Personal information
- Full name: Michael Trebilcock
- Date of birth: 29 November 1944 (age 81)
- Place of birth: Gunnislake, Cornwall, England
- Position: Winger

Youth career
- 1960–1962: Tavistock

Senior career*
- Years: Team / Apps / (Gls)
- 1962–1965: Plymouth Argyle / 71 / (27)
- 1965–1968: Everton / 11 / (3)
- 1968–1972: Portsmouth / 109 / (33)
- 1972–1973: Torquay United / 24 / (10)
- 1973: → Yeovil Town (loan) / 4 / (3)
- 1973–1974: Weymouth / 33 / (13)
- 1974–1976: Western Suburbs / 23 / (7)
- Total:  / 265 / (95)

= Mike Trebilcock =

English footballer

Michael Trebilcock (born 29 November 1944) is an English retired professional footballer. He played primarily as a winger and is known for scoring twice in the 1966 FA Cup Final for Everton, becoming the first black player to score in an FA Cup Final. Trebilcock is described as a "black mixed heritage player" by sociologist Mark Christian, who notes that the label of first black Everton player is often wrongly given to Cliff Marshall, "due to [Trebilcock's] ambiguous black mixed heritage". Players of mixed heritage are now widely regarded as 'Black' e.g. Walter Tull and Trebilcock was acknowledged as Everton's first Black player by authors Bill Hern and David Gleave in their book Football's Black Pioneers - The Stories of the First Black Players to Represent the 92 League Clubs.

==Career==
Trebilcock was born in Gunnislake, Cornwall. He played for non-league Tavistock before joining Plymouth Argyle in December 1962. He scored 27 times in 71 league games for the Pilgrims, leading to a £23,000 move to Everton on 31 December 1965. He made his debut a few days later against Aston Villa, but was injured and spent much of the rest of the season on the sidelines. In the meantime, Everton had been progressing through to the FA Cup final, where they would meet Sheffield Wednesday.

Despite having only played four reserve games since his injury, Trebilcock was included in the squad and surprisingly picked ahead of England international centre-forward Fred Pickering to play in the final. Wednesday took a 2–0 lead with goals from Jim McCalliog and David Ford, but within five minutes of Ford's goal, Trebilcock had scored twice to level the scores.

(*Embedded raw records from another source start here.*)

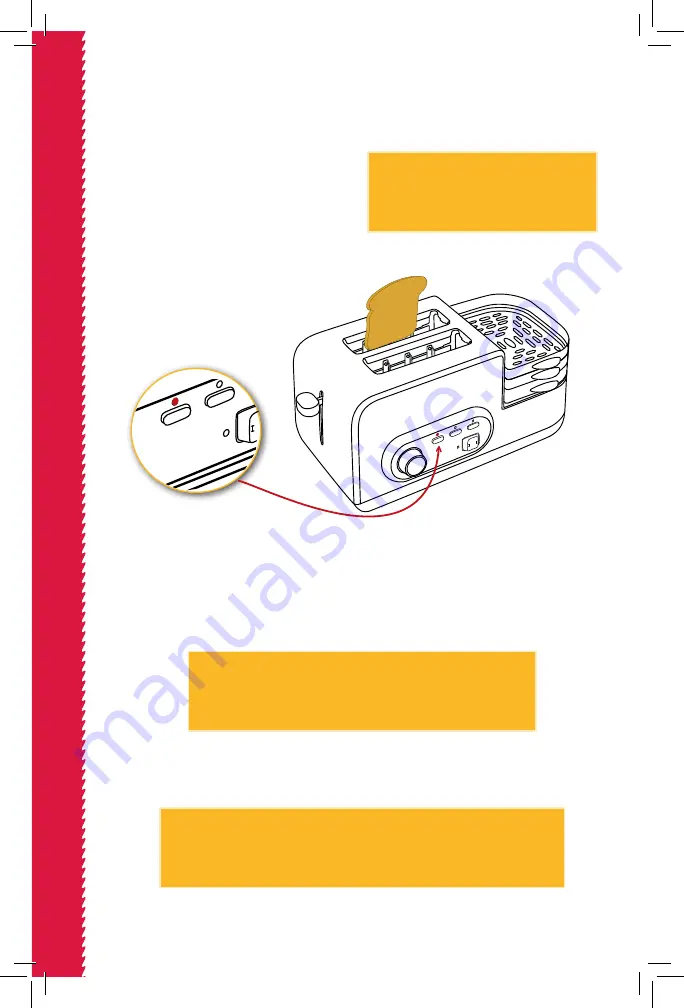 Gourmia GBF-470 User Manual Download Page 10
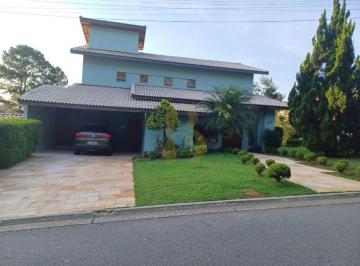 Casa · 320m² · 4 Quartos · 4 Vagas · Casa de condomínio com 320 m², 4 quartos sendo 2 suítes à venda em Alphaville.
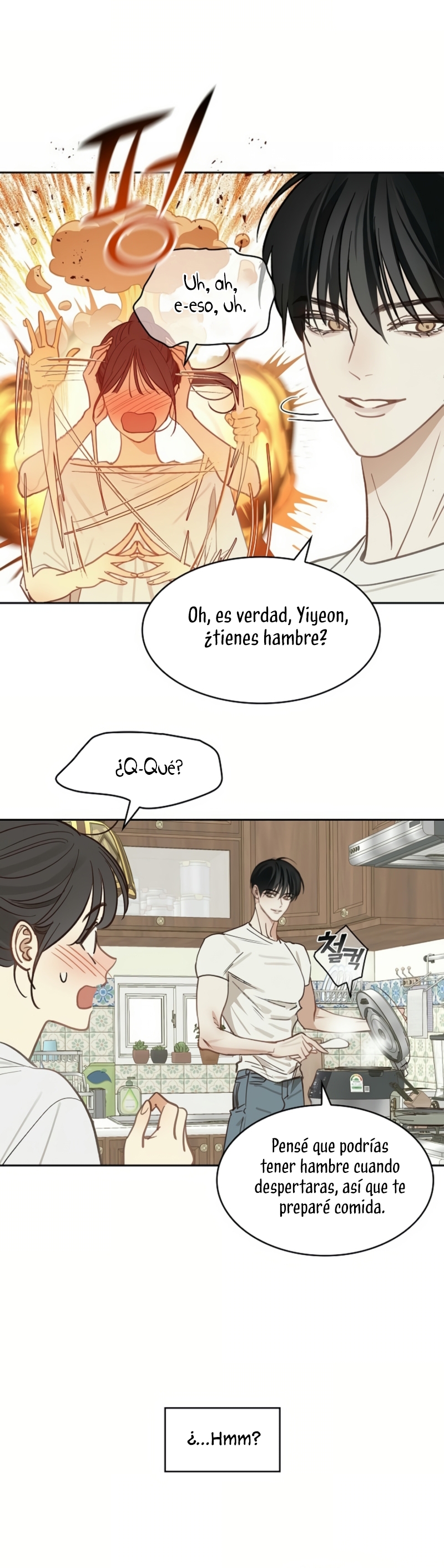 La flor es el cebo Capítulo 18 - Página 17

A goal from Derek Temple sealed the win for Everton.

Even after the cup final, he struggled to establish himself in the Everton side and in January 1968, after three goals in only 11 league games for Everton, he moved to Portsmouth for a fee of £40,000. He was a regular goalscorer at Portsmouth, netting 33 times in 109 league games, before a free transfer took him to Torquay United in July 1972. He spent just one season at Plainmoor, hitting ten goals in 24 league games, leaving in June 1973 to join Weymouth on a free transfer. In March 1974 he emigrated to Sydney, Australia where he played for Western Suburbs and won the NSW Rothmans Medal in 1974.

Having got involved in coaching, he moved in the early 1990s up to Darwin, where a professional club had been established to compete in the Singapore national league. After less than two seasons the Darwin Cubs folded due to financial problems but he stayed in the area and took various jobs.